Konserin ikinci yarısında Carl Orff'un, Carmina Burana'sının seslendirilmesi için yarım saatlik arada BSO üyelerinin sahnede konuçlanması için gerekli düzenleme yapıldı. Piyano bu kez çalanın yüzü seyirciye dönük olacak biçimde ortalandı. Demek ki, Carmina Burana'daki piyano partilerini de Fazıl çalacaktı.
Solistler, Türkiye'nin yurtdışında en verimli sopranosu olan Burcu Uyar ile bariton ve kontrtenor partilerini söylemeyi üstlenen Güvenç Dağüstün'dü.
Carmina Burana'nın özgün yazısındaki kontrtenor partisi, genellikle lirik tenorlar tarafından söylenir. Bariton Güvenç Dağüstün, ilk kez Avusturya'da denediği kontrtenor partisi de söylemeyi, Ankara'da da başarıyla tekrarladı.
Başkemancı olarak Almanya'dan Önder Baloğlu'nun görev aldığı orkestrada vurmalı çalgılar da, az önceki dörtlüye Rahim Namazov, Hakan Yağuş ve Tanya Tarazan'ın eklenmesiyle Carmina Burana için hazır hale getirilmişti. Elif Aktar'ın özellikle el ve kolları kullanarak hazırladığı koreografi, koroya müzikle uyumlu bir görsellik kazandırmıştı.

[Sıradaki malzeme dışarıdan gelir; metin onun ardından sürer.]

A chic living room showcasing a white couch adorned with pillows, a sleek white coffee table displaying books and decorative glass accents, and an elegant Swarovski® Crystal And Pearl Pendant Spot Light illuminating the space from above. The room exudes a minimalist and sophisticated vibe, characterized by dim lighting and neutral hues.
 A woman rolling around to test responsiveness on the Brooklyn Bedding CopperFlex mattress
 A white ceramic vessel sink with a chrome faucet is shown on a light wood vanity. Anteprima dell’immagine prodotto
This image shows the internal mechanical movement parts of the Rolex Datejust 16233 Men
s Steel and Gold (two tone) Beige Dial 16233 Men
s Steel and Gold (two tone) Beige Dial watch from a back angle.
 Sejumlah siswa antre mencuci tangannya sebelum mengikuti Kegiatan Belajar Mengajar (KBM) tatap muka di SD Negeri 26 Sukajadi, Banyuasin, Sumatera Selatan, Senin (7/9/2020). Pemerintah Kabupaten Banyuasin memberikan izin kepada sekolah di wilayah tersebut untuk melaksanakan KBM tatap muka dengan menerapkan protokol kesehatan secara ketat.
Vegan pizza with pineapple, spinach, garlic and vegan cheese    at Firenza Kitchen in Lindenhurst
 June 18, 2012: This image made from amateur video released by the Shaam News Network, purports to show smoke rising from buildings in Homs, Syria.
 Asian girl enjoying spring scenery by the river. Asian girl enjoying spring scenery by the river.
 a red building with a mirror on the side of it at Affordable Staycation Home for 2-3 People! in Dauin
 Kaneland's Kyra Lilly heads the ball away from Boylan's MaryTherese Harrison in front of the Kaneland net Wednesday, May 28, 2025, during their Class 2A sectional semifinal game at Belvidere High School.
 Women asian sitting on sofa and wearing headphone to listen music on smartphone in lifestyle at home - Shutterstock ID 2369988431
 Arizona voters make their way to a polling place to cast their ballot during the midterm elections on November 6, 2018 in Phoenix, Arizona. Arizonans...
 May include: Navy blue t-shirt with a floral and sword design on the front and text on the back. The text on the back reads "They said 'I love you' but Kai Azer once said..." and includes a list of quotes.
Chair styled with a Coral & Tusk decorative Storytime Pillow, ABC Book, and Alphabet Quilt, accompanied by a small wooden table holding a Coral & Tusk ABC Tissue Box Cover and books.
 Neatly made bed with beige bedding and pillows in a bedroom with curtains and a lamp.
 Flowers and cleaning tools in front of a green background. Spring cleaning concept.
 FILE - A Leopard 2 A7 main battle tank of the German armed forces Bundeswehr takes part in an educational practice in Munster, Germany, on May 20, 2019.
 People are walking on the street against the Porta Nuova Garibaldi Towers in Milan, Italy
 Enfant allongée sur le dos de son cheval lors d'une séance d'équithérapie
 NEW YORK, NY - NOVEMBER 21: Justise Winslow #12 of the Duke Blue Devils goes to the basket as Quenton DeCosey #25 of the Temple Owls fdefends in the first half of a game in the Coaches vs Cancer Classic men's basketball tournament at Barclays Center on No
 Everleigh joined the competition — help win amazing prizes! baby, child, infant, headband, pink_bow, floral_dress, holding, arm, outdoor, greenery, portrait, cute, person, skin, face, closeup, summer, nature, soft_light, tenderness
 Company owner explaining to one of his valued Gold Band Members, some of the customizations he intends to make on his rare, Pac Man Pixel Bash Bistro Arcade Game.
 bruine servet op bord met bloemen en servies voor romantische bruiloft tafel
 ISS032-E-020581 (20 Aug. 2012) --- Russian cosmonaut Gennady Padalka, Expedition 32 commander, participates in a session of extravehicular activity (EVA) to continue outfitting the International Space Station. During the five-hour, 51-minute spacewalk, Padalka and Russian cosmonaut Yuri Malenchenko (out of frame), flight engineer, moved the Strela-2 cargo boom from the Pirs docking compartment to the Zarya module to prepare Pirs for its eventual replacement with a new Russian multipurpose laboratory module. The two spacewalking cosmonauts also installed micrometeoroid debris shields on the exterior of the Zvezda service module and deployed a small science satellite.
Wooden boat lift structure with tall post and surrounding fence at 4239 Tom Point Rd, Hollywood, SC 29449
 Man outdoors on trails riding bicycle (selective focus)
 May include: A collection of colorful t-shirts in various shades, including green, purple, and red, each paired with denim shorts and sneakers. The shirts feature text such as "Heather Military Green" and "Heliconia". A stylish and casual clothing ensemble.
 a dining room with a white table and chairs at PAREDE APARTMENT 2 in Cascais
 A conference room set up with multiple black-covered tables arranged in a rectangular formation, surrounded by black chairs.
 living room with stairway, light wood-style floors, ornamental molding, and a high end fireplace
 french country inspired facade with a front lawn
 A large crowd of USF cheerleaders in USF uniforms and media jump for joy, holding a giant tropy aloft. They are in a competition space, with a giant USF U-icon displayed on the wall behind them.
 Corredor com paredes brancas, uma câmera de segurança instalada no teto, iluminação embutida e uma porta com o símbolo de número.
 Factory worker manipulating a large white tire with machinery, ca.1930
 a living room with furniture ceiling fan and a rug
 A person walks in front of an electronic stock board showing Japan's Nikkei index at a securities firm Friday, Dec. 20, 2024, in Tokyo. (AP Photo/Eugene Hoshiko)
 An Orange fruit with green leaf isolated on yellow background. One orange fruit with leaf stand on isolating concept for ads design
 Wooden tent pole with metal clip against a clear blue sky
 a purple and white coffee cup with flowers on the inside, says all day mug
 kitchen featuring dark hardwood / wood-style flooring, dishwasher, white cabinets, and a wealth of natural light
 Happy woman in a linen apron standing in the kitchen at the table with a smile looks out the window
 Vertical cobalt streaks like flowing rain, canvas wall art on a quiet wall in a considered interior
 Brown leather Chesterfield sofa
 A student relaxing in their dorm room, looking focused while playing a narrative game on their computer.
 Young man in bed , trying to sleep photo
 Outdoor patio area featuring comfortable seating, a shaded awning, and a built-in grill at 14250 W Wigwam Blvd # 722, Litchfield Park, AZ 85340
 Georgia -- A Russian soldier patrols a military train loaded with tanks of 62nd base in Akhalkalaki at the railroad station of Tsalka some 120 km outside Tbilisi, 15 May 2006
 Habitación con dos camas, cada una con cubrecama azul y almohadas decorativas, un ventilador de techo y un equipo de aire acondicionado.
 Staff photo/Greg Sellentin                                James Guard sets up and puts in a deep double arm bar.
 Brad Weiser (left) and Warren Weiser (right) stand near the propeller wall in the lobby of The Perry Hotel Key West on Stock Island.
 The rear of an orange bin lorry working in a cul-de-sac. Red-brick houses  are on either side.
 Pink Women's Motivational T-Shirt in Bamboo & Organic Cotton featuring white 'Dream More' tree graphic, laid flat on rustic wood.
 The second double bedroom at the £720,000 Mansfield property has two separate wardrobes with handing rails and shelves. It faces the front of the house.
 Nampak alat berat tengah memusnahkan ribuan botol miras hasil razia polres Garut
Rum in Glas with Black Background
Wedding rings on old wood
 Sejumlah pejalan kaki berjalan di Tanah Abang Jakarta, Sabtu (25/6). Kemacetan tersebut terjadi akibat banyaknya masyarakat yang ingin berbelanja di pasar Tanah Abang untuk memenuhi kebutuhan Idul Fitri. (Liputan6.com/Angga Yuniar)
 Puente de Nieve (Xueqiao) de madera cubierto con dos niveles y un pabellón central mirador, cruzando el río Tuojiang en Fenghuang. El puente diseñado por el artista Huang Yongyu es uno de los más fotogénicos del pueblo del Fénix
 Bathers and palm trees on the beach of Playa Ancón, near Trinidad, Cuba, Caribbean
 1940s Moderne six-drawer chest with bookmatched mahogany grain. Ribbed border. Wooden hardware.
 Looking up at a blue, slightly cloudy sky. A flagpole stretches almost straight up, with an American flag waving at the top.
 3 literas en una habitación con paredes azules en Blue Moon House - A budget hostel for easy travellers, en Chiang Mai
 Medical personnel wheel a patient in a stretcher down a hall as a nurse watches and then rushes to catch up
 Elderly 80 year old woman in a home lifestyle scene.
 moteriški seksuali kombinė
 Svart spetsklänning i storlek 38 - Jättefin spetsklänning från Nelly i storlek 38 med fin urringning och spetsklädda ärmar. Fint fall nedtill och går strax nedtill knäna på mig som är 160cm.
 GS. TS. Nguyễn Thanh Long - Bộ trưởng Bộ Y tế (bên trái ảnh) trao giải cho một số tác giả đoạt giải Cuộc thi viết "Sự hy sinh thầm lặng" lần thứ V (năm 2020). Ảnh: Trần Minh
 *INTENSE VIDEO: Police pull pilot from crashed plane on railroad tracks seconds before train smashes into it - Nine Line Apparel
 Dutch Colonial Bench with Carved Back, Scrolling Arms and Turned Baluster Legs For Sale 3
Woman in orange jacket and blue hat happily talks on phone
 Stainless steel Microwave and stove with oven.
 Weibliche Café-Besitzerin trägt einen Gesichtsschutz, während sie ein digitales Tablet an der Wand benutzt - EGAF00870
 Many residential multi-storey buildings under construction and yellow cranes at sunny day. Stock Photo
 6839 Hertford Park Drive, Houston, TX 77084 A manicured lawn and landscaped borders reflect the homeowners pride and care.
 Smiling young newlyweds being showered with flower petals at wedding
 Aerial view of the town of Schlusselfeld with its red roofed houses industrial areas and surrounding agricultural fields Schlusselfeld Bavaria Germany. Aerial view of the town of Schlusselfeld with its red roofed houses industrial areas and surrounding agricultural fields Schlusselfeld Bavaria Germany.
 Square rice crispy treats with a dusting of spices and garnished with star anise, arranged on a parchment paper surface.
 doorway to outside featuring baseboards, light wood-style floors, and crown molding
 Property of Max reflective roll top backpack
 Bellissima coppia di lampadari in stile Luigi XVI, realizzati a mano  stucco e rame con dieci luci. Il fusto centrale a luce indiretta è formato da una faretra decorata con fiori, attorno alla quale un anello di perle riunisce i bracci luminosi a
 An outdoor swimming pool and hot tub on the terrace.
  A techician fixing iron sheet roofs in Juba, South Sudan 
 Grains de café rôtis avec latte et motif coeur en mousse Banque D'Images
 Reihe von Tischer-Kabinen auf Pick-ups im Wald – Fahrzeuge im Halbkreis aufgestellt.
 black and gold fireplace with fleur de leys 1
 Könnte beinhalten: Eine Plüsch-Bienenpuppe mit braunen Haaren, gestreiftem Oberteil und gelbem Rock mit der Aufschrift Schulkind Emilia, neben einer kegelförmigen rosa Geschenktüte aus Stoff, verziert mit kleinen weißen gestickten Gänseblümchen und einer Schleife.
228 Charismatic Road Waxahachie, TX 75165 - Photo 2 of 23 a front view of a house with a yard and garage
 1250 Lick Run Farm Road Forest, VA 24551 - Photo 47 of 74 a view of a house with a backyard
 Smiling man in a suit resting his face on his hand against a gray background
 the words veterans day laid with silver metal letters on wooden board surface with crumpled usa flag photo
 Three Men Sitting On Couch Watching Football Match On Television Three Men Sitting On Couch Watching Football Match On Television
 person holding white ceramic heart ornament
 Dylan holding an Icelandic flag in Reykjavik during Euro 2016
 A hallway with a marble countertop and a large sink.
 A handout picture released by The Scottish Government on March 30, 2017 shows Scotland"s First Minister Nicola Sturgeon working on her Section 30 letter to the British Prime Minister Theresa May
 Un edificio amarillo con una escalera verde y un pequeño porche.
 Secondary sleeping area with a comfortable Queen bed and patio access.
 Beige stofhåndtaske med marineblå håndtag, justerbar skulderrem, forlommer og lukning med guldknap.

Dinleyici, bölüm aralarının çoğunu coşkulu alkışlarla kesti. Eserin sonunda ise ise sahneyi âdeta alkışlarıyla yıkadı. Defalarca gittiler, geldiler, selamladılar. Koroyu hazırlayan Murat Cem Orhan, koroyu zarif reveranslarla birkaç kez selamlattı. Dinmeyen alkışarlara karşı, gerekli hazırlık yapılmıştı. Bu kez solistler Burcu Uyar, Güvenç Dağüstün ile koreograf Elif Aktar'da koroya katıldı, Fazıl piyanonun başına geçti ve ezgiyi dökmeye başlamasıyla birlikte Odeon'da bambaşka bir hava esti. Fazıl, Ömer Zülfü Livaneli'nin “Yiğidim Aslanım” parçasını piyano ve koro için uyarlamıştı. Odeon'da yer yerinden oynadı, koca beton amfitiyatro âdeta sallandı.
Tablo şunu göstermektedir: Bazı sivrilikler, fevri çıkışlar yapsa da, Fazıl'ın dik duruşu, geniş bir kitle tarafından müziği kadar benimsenmiştir. Fazıl buluşlarıyla, yaratıcılığıyla, üretkenliğiyle, bu aydın kitleye siyaset kurumundan çok daha fazla umut vermektedir.